Era ormai sola davanti al portone sbarrato della chiesa. Il padre l’aveva abbandonata per andare a ubriacarsi in qualche pub della zona, a cancellare l’onta familiare. Come avrebbe potuto immaginare che Robert si sarebbe presentato all’altare dopo la notte brava dell’addio al celibato? In fondo se l’era scelto come suo padre, ubriacone come lui. Nella speranza di faticare meno a conoscerlo. Nell’auspicio di gestirlo meglio nel vizio, che era di casa. Era stata un’ingenua, si era lasciata abbindolare dai fiori domenicali e dal silenzio paterno, che aveva interpretato come un consenso, mentre era piuttosto il sospetto nei confronti di una persona troppo simile a lui che stava per entrare in famiglia. Melanie aveva dato troppo peso alle parole di Robert, alla vigilia della cerimonia nuziale. Aveva creduto alle rassicurazioni del suo uomo, che le prometteva un addio al celibato sottotono. E che ce l’avrebbe messa tutta a controllarsi sull’alcool, perché l’indomani aveva l’intenzione di presentarsi fresco e sbarbato all’appuntamento più importante della sua vita. Proprio così, Robert disse a Melanie che le nozze sarebbero state l’appuntamento più importante della sua vita. Più importante dell’alcool? , chiese Melanie. Più importante dell’alcool, rispose Robert.
L’abito da sposa sotto il sole estivo cominciava ad appassire, mentre Melanie ancora non si capacitava perché non avesse preso esempio dalle ragazze della soap, scaltre e furbe, invece di credere a quei finti mazzi di fiori come ricompensa di un amore monco. Alzò lo sguardo dal sagrato, pieno di compassione. C’erano ancora gli altri invitati, che si dileguarono in fretta. Ben presto intorno a lei si fece il deserto. Non c’era più nessuno da guardare.
Ci doveva essere una soluzione. Per prima cosa giurò a se stessa, su quel sagrato che cominciava a scottare come pietra infernale, che non avrebbe mai più visto una puntata di quella soap, che le aveva procurato solo disgrazie.
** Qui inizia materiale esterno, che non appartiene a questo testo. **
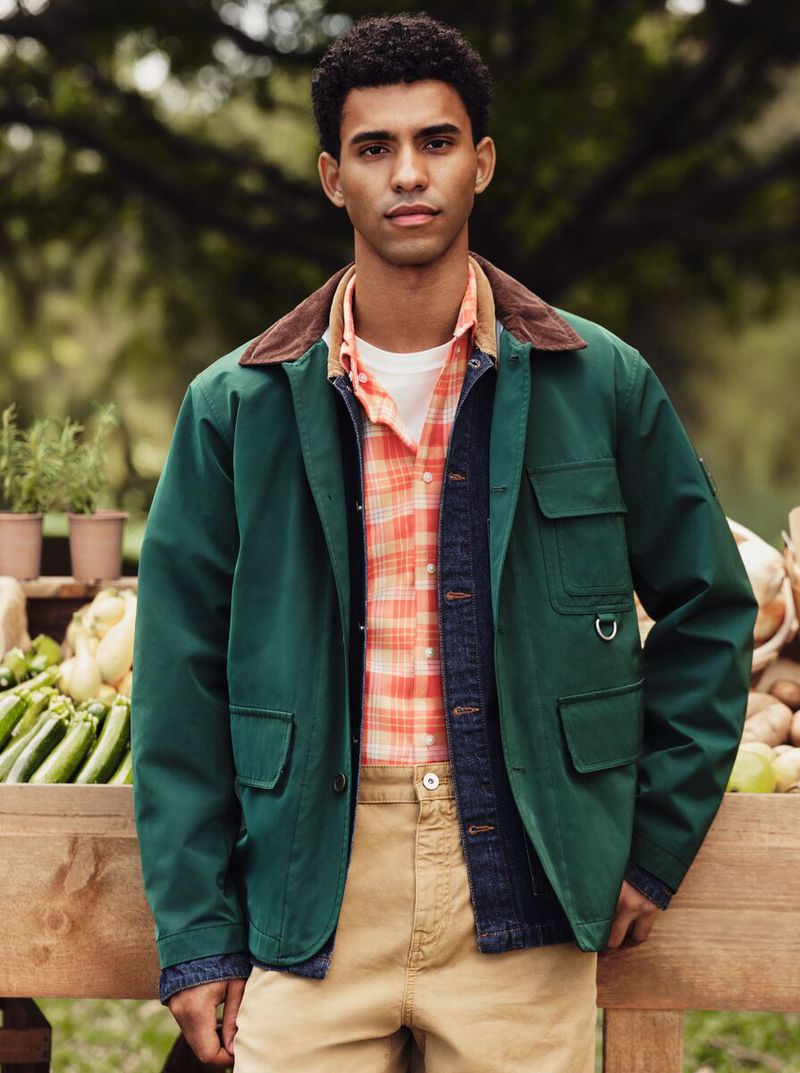A young adult man with an olive complexion stands outdoors wearing a green jacket and khaki pants against a backdrop of greenery.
Poi, considerato che tutti gli invitati si erano dissolti nell’afa, scese di corsa la scalinata, gustando il piacere di sollevare la parte inferiore dell’abito bianco per non inciampare. Sentiva fluire nel corpo l’energia delle lacrime che aveva deciso di non versare. Si fece accompagnare dalla limousine in città. Sapeva dove dirigersi. Quando era di turno nell’associazione, portava i pasti a chi non aveva un luogo dove rifugiarsi, a chi viveva dentro scatole di cartone. Negli angoli dimenticati della città, tra uomini e donne cancellati agli sguardi degli altri, Melanie distribuì gli inviti per il banchetto di nozze, raccomandandosi del passaparola, perché ci sarebbe stato cibo per tutti.
La sala del ristorante, rivestita in legno e con il tetto spiovente da tipico chalet di montagna, si riempì presto di tanta gente con il sorriso sulle labbra. All’ingresso si formò un tappo di stupore. Quelli che entravano, si paralizzavano sull’uscio fulminati dall’abbondanza della tavola imbandita e sorpresi da un’orchestrina che suonava lo swing. Si sedettero alla rinfusa, senza nemmeno avere il tempo di capire che cosa stesse accadendo. Con piglio veloce e professionale i camerieri portarono vassoi ricolmi di carne e pesce.  Melanie non rinunciò a fare la sposa, passando da un tavolo all’altro a salutare i nuovi amici e raccontargli la sua storia. Nel frattempo i bambini urlavano e molestavano i cinque componenti dell’orchestrina. I più temerari alternavano piatti abbondanti a passi di danza jazz, rock, swing. Ballava anche la sposa. Si faceva accompagnare dai ballerini più scatenati e si chiedeva  tra una nota e l’altra a che cosa le sarebbe servito un fidanzato che non sapeva divertirsi. L’immagine di Robert che la prendeva sottobraccio con la sua aria di straniamento e il mazzo di fiori appassito tra le mani le si era piazzata davanti agli occhi. Ma non le rovinò la serata, perché il banchetto divenne spassoso, soprattutto quando a ballare furono tutti i suoi amici, grandi e piccini. Volti solari, rughe di gioia sulla pelle incrostata dal freddo e dal caldo. Corpi appesantiti dalla vita che si muovevano spensierati al centro della sala. Melanie sollevò l’abito da sposa oltre il consentito, mentre con la mano libera fece scivolare il velo, che lanciò in aria. Planò sulla testa di una ragazza giovane, dagli occhi vivaci, che si emozionò al sentire il capo avvolgersi nella leggerezza dell’organza.
I festeggiamenti del mancato matrimonio proseguirono a lungo. Nessuno degli invitati volle tornare tra i cartoni a passare la notte. Per rendere omaggio a Melanie, decisero di rimanere a dormire nella sala del ristorante, tutti insieme, per non spezzare la magia della giornata. Prima di addormentarsi però la pregarono di rimanere con loro. Vollero sincerarsi di trovarla lì, l’indomani mattina, al risveglio, per essere certi che quel banchetto di nozze non fosse stato solo un bel sogno.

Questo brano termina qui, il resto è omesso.